Ø Even if the merger was perfectly legal and Satyam was not violating any law, investors have their own perception of what is correct. Even after Satyam backtracked, the stock lost value considerably. The management lost the trust of the shareholders, with this episode.
Ø A Public Limited Company cannot be treated like a Private Limited company, if promoters have minority stakes.
Ø Timing of merger announcements is also important. The same merger deal if it had been announced in December 2007 could have been hailed as a masterstroke. Real-estate and infrastructure were hot sectors then and IT was under rough weather because of the weakening dollar.

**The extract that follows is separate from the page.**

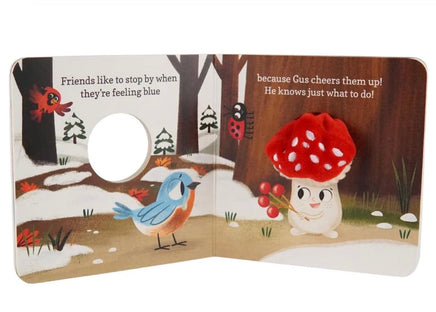 Fun Gus A Super Fungi Puppet Book - ToyTime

Ø Having a high-profile of Board does not ensure legitimization of such deals, which blatantly favour the family of the promoters. In case of Satyam, the board meeting was chaired by the ISB Dean Prof Rammohan Rao, and the Chairman was not present when the decision was being finalized.
Ø Shareholders definitely wish to know how the valuations were arrived at and who has carried out the valuation. Satyam vaguely said, one of the Big Four audit firms had done the Maytas properties valuation. Later each one of them denied individually. This certainly made the whole valuation exercise look dubious.
Ø If Satyam had clearly believed that it had synergies with Maytas, it should have stuck it out. By back-tracking immediately, without even convening another board meeting, Mr Raju, gave an impression, that he tried pulling off a fast one, and since it has been seen through, he backtracked. This even made a newspaper give the headline “Raju Ban Gaya Gentleman “, as if he was not one before.
Ø The impact of such a gross act of discretion by industry biggie like Satyam can hurt the entire sector (the Indian IT industry in this case).
Ø A high-profile board is no guarantee of higher standard of corporate governance
Interestingly, Mr. Raju’s fall from grace has a parallel in the Hindu epic – The Mahabharata. Dhritarashtra, otherwise the righteous patriarch of the ruling dynasty of the kingdom of Hastinapur suffered a lapse of his usual sense of propriety, blind sighted by indiscriminate affection for his progeny.
Everything said and done, the hasty retreat notwithstanding, the synergy effect of the Satyam-Maytas (the latter name is formed of the same letters as those of Satyam, in reverse order, let’s say in negative order) deal is now apparent: Satyam + Maytas = 0.